*Task data:*
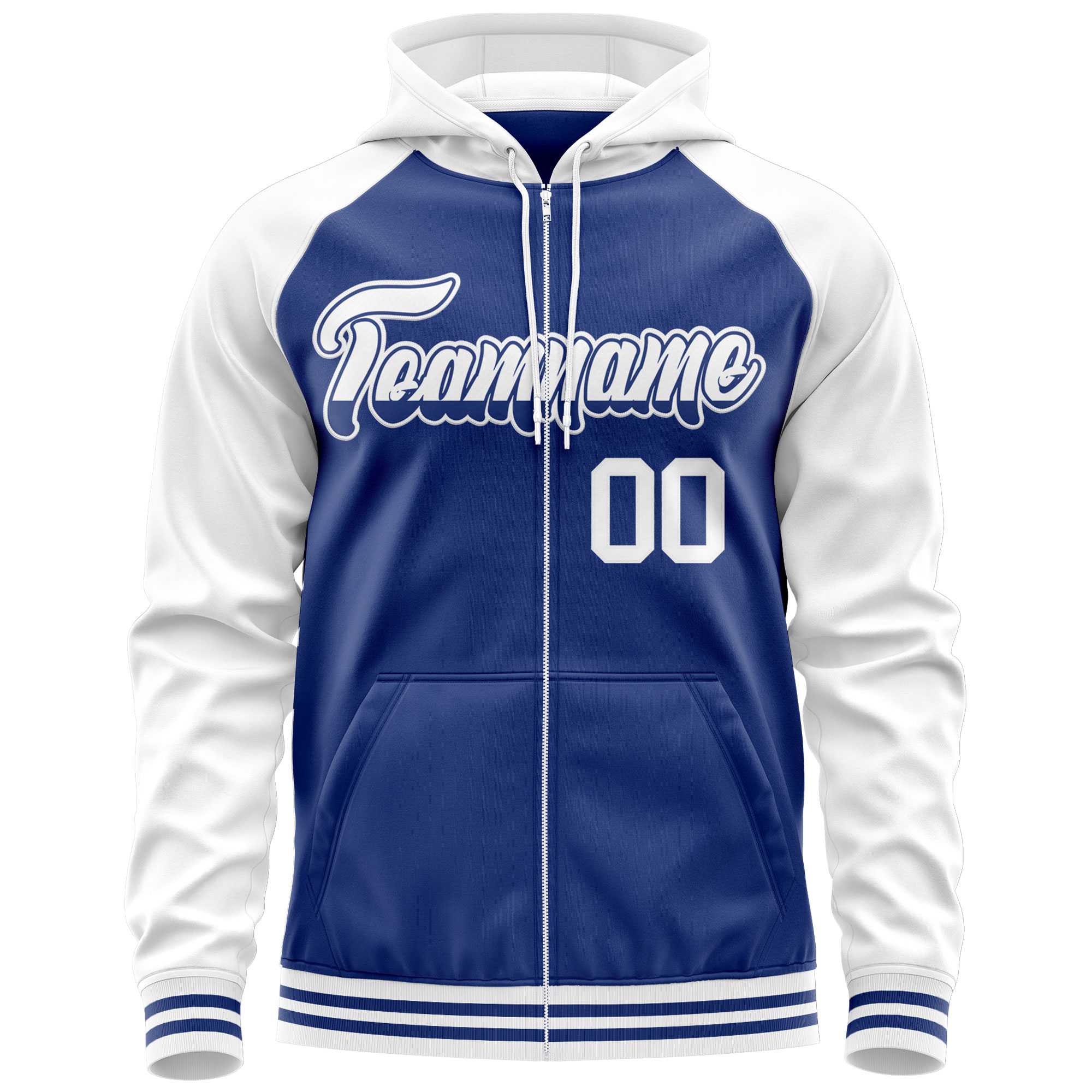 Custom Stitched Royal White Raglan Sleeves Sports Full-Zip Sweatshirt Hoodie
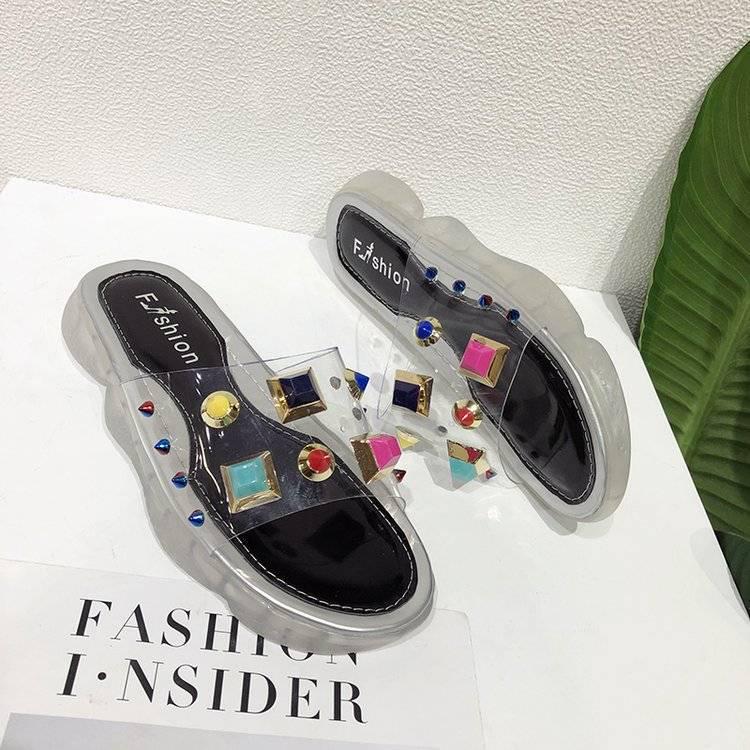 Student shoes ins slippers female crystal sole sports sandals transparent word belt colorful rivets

...

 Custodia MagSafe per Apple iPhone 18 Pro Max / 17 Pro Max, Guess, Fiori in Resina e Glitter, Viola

*Task:*
Give again the stretch of lines above from the one with "Custom Stitched Royal" through the one with "Student shoes ins", both ends kept, and copy no pictures.

*Answer box:*
 Custom Stitched Royal White Raglan Sleeves Sports Full-Zip Sweatshirt Hoodie
 Student shoes ins slippers female crystal sole sports sandals transparent word belt colorful rivets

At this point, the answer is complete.